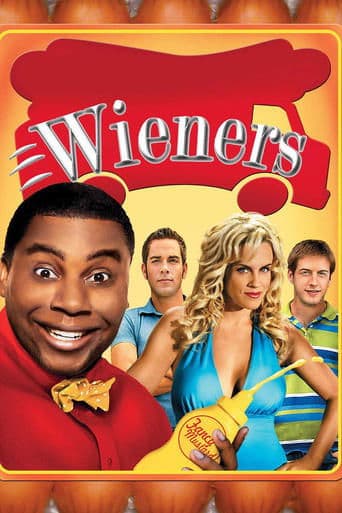 Movie poster for Wieners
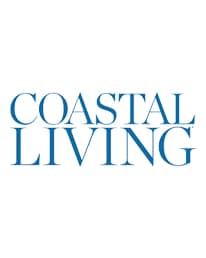 Logo for Coastal Living magazine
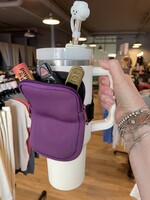 Relish Neoprene Water Bottle Pouch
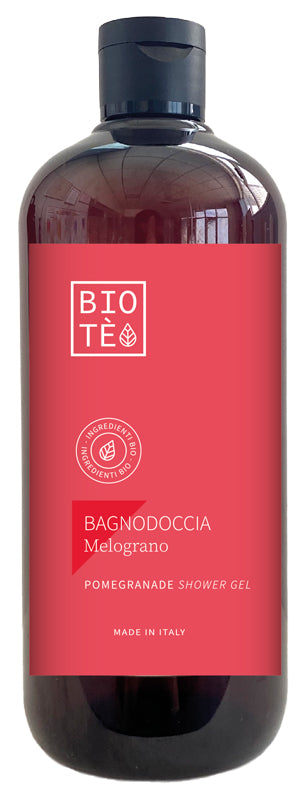 Biote' Bagnodoccia Melograno 500 Ml - Lovesano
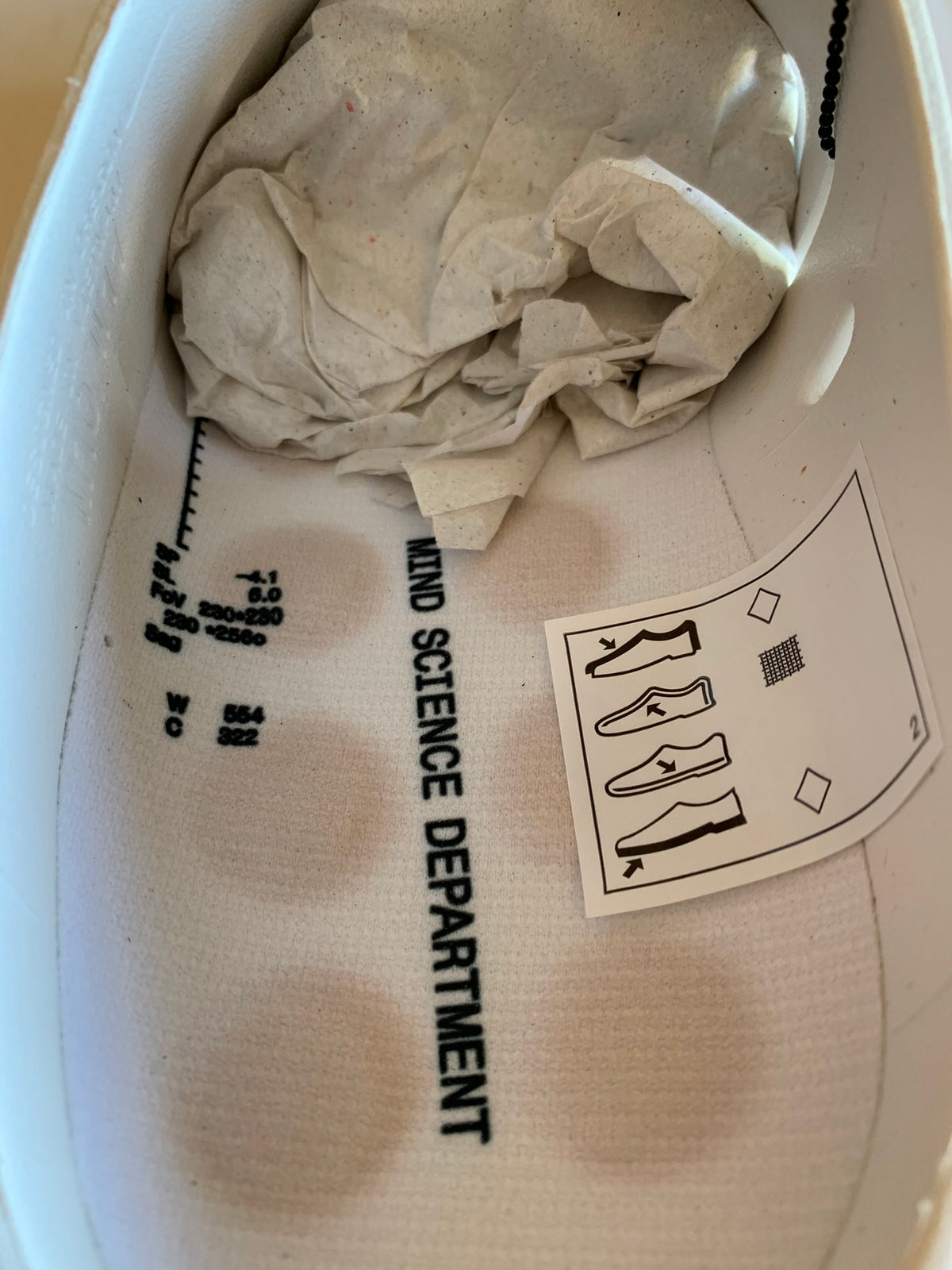 Nike Mind 001 W "Summit White"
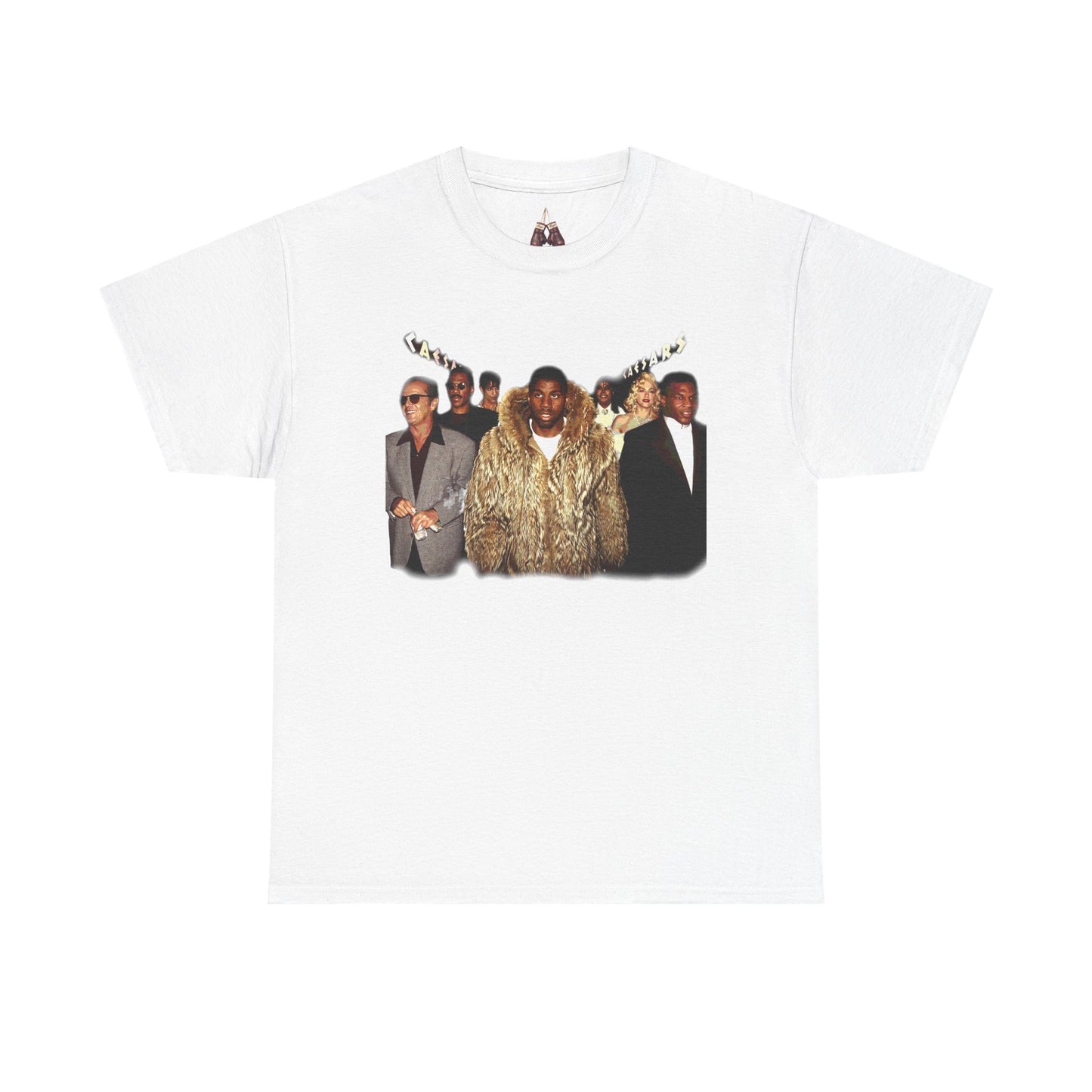 Magic Johnson Celebrity Friends- Unisex Heavy Cotton Tee - Kings Origin Apparel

.....

§ **Activity**
The whole listing should be transcribed exactly, though its pictures must be left out.

§ **Answer for the task**
 Movie poster for Wieners
 Logo for Coastal Living magazine
 Relish Neoprene Water Bottle Pouch
 Biote' Bagnodoccia Melograno 500 Ml - Lovesano
 Nike Mind 001 W "Summit White"
 Magic Johnson Celebrity Friends- Unisex Heavy Cotton Tee - Kings Origin Apparel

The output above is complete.